(ACTION ITEM)
The answer should hold only the lines from the one that contains "Mens Linen Pants" through the last line of the material, repeated exactly, without pictures.

(SOURCE DATA)
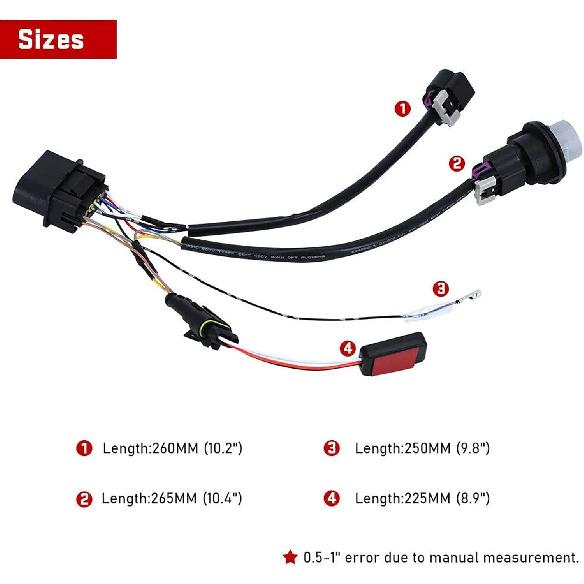 2pcs Car Headlight Lamp Wiring Harness Adapter for Dodge Ram 1500 2500 3500 2013-2018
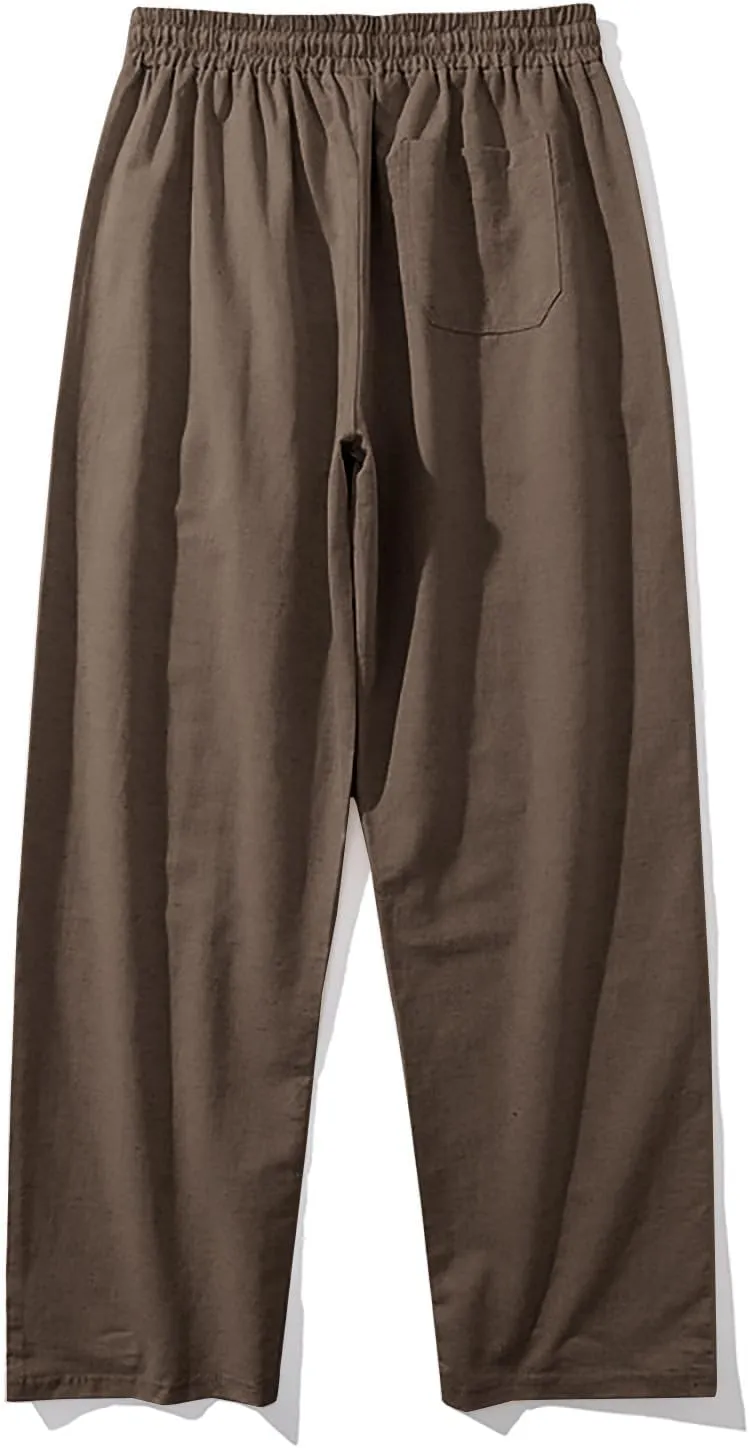 Mens Linen Pants Casual Straight Leg Pants Loose Summer Trousers Lightweight Lounge Pants Slim Fit Dress Pants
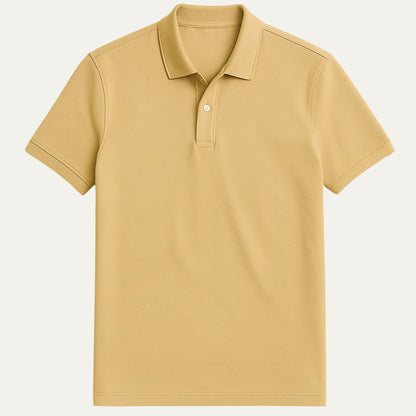 Men's cotton piqué polo shirt in beige, front view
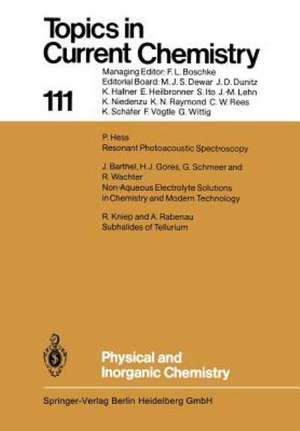 Physical and Inorganic Chemistry de J. Barthel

(TASK OUTPUT)
 Mens Linen Pants Casual Straight Leg Pants Loose Summer Trousers Lightweight Lounge Pants Slim Fit Dress Pants
 Men's cotton piqué polo shirt in beige, front view
 Physical and Inorganic Chemistry de J. Barthel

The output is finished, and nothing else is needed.